Provided material.
---

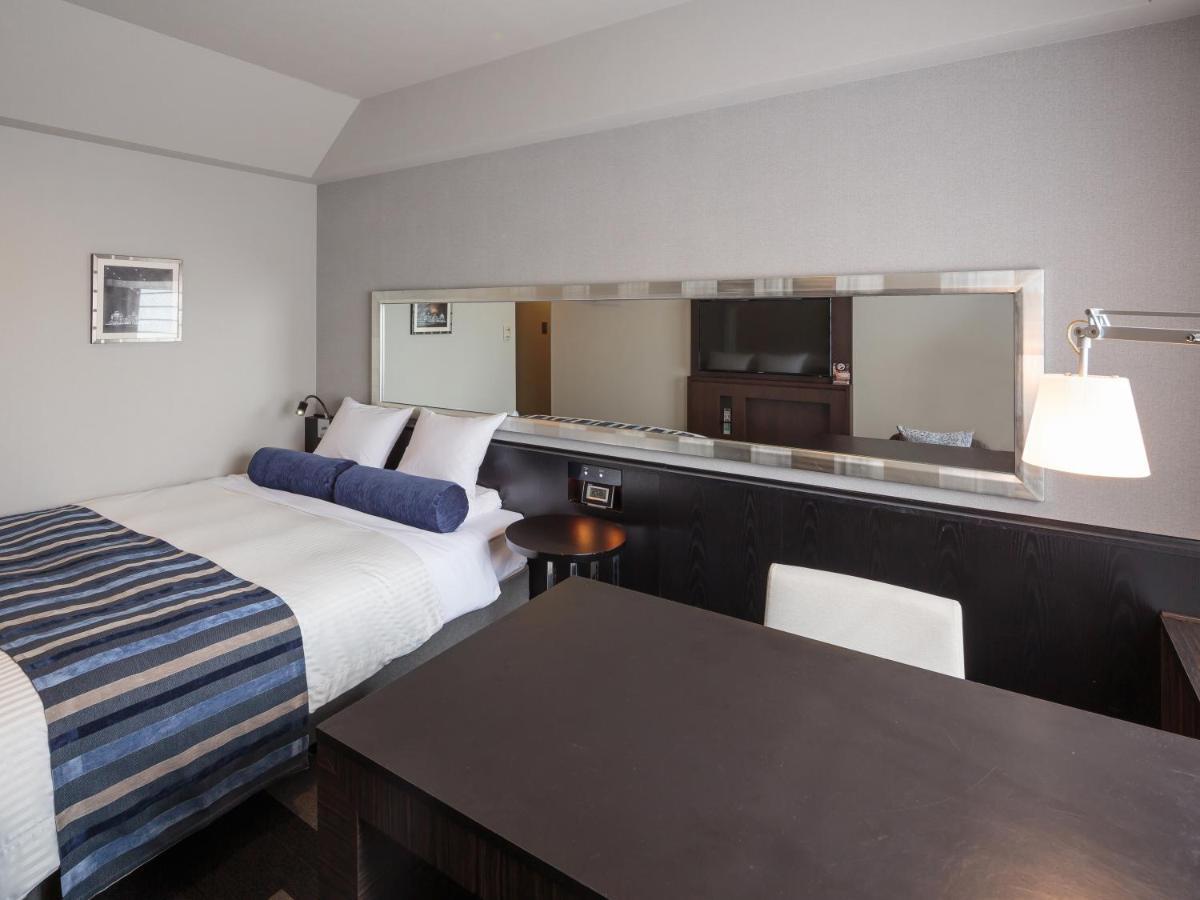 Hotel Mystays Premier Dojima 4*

---

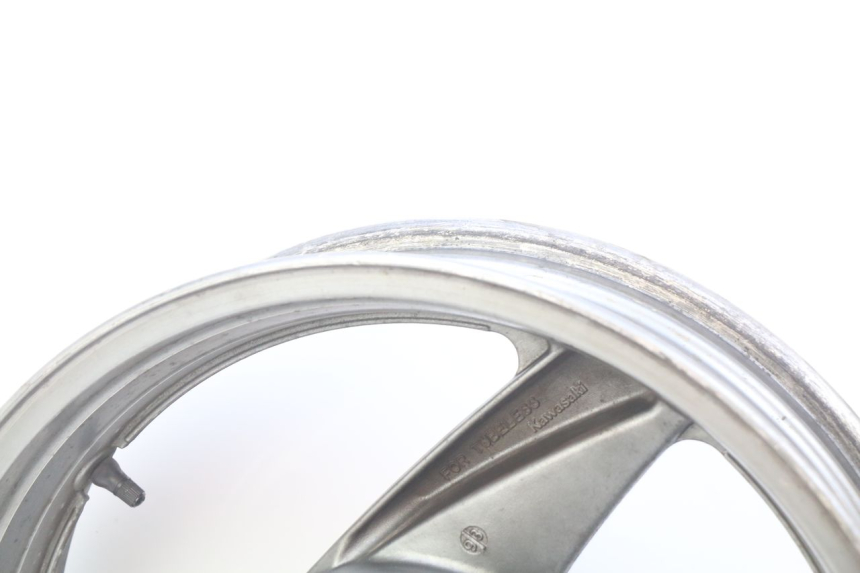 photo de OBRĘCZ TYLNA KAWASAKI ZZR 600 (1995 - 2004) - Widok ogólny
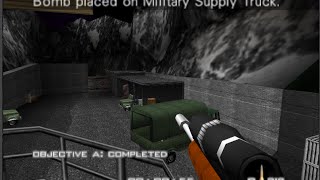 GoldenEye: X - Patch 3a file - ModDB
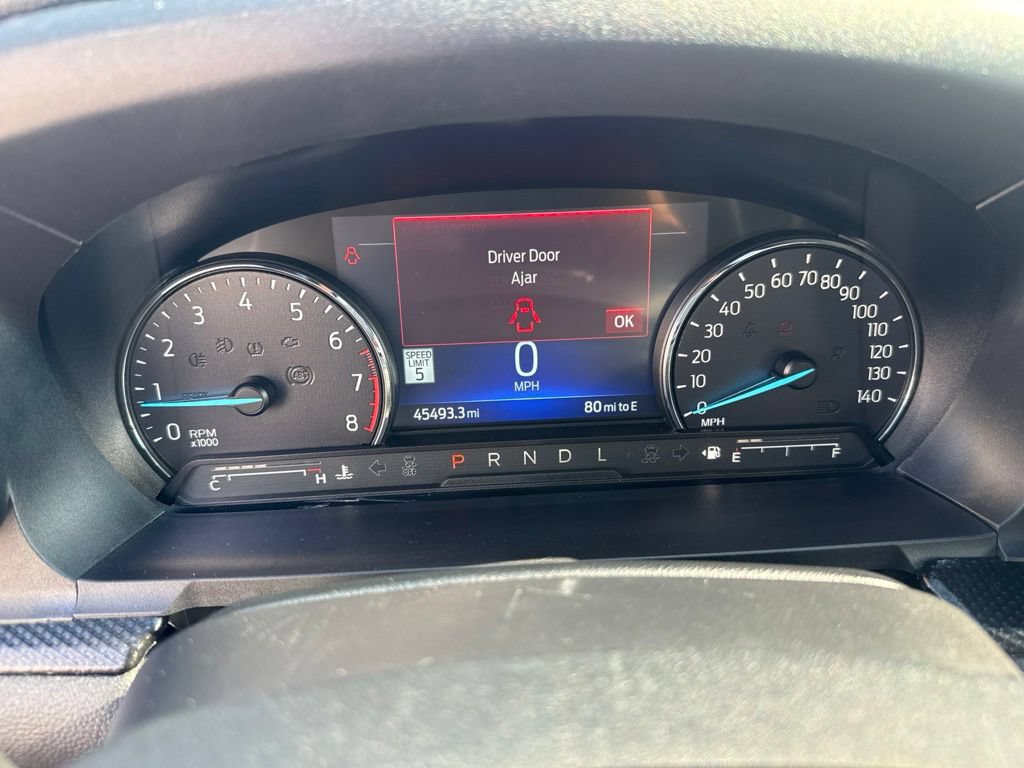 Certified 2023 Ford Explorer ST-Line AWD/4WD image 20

---

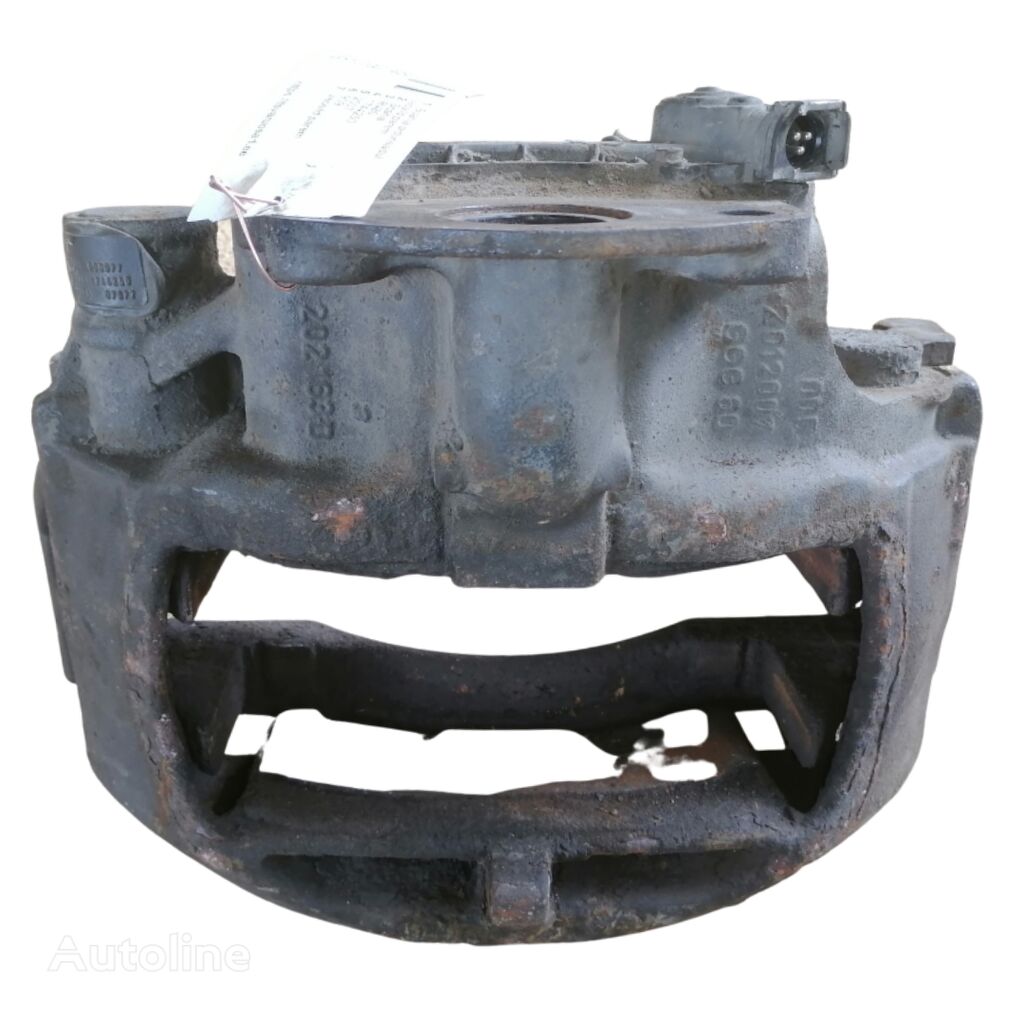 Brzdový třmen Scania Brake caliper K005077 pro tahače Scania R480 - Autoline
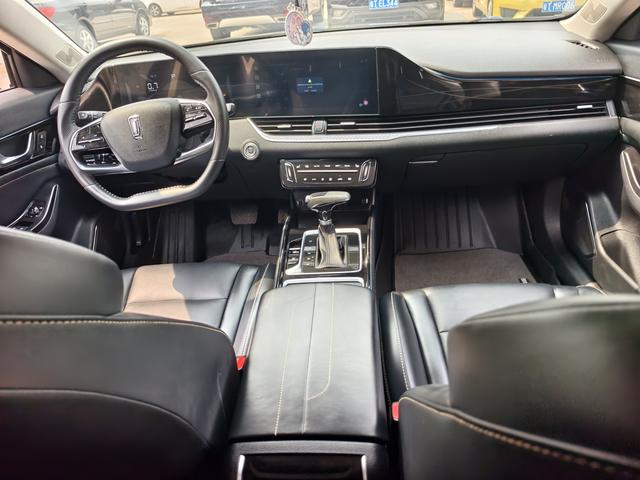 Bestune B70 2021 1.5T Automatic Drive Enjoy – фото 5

---

What lines above run from the one with "Brzdový třmen Scania" to the one with "Bestune B70 2021"? Give them again exactly, ends included, and leave the pictures out.

 Brzdový třmen Scania Brake caliper K005077 pro tahače Scania R480 - Autoline
 Bestune B70 2021 1.5T Automatic Drive Enjoy – фото 5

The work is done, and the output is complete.